For some, that only requires a good cleaning. They’re awesome as-is. For others, say for example, the T/C Compass, I’m planning on making some improvements.
There’s nothing I have the ability to do that will enhance the rifle’s accuracy. But the very basic stock’s another matter. Thanks to Boyd’s Gunstocks, I can put a wooden stock on the gun that not only improves the look, it improves the fit-for whomever’s shooting it.
A conversation with Boyd’s led me to get one of their AT-ONE laminate stocks for the conversion project. A couple of reasons: first, I like laminated, and second, their stocks are as close to idiot-proof as you can get when it comes to installation. Not being a competent gunsmith, I’m not one for lengthy fitting sessions that could involve metalwork or technical fitting.
What I am qualified for is a simple installation. And the AT-ONE didn’t disappoint. The only fitting I had to do was the installation of the trigger guard and the magazine catch. I got the magazine catch on the first try. The trigger guard was also a quick remediation (turn it around, you dope).
Removing the stock (top) was no big chore. Two screws were no big issue. My initial trigger guard installation was backward, but it was easy to spot the mistake (below). The bolt wouldn’t come back because the stock screw blocked it. Quick fix.
It was a really simple process -despite my initial backward-install of the trigger guard. When the bolt wouldn’t come to the rear, it was instantly obvious that something was wrong. Take a quick look, turn it around, and repeat the torquing of the two screws holding the action in the stock.
There’s really nothing much to screw up. Boyd’s has the idea of specific-fit down to the point that if there’s a problem- you’re probably it. The only variable is the need to know that firearms need to be torqued correctly- and “correct” usually means inch pounds, not foot pounds.
Fortunately, I learned that distinction several damaged screws ago.
It’s not the most artistic portrayal of a transformation, but the differences in the look -and fit- of my older Compass is noticeable. It’s now a rifle that looks as good as it shoots. And it shoots well.
When I finished, I appreciated the look of the new laminate stock.
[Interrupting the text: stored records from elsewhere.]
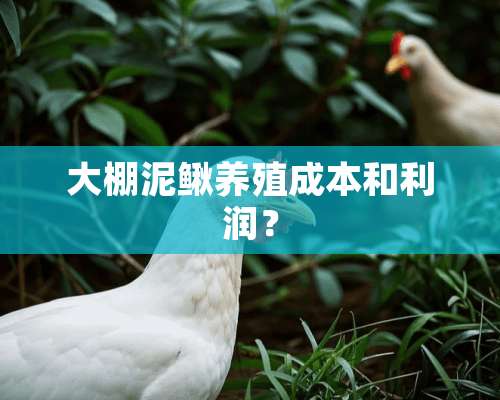 大棚泥鳅养殖成本和利润？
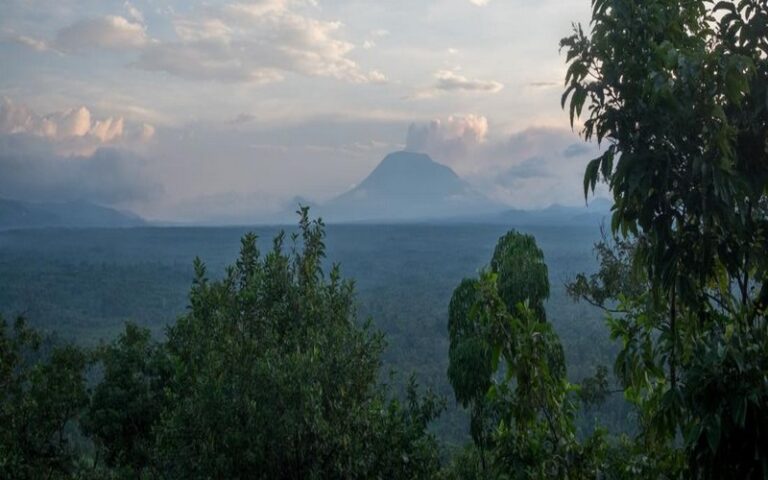 Cogestion des aires protégées par les ONG et les États en Afrique : une réussite pour réduire la déforestation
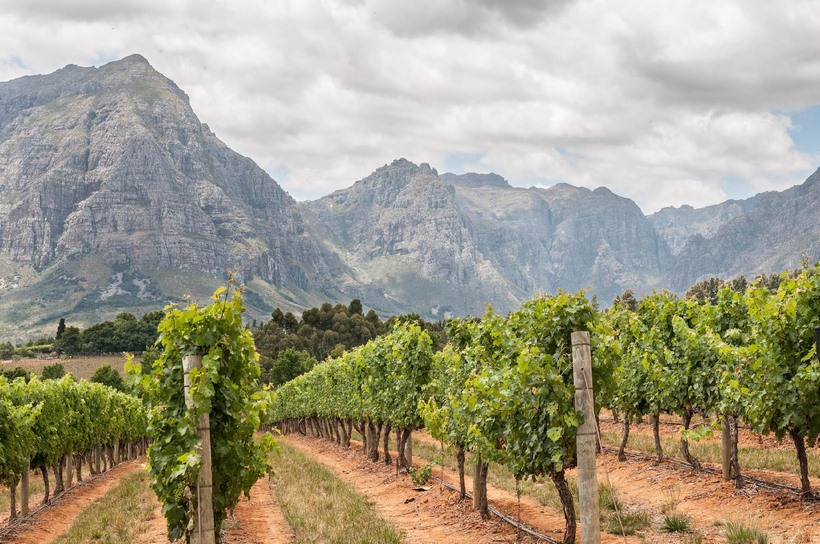 Виноградники в ЮАР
But when I started adjusting the stock to fit, I really realized how much improvement I’d made.
With the adjustable cheek piece and butt, I now have a mild-mannered, accurate -and still lightweight- rifle that’s capable of wreaking havoc on prairie dog towns or punching holes in targets-while being adjustable for almost any body type.
Don’t know about you, but a lightweight, accurate rifle that’s capable of varmint control or target shooting that’s distinctly “mine” - at a total price under $500 (plus scope) looks like a pretty good deal.
Especially since I have a durable, all weather stock that’s not only functional, it’s good-looking.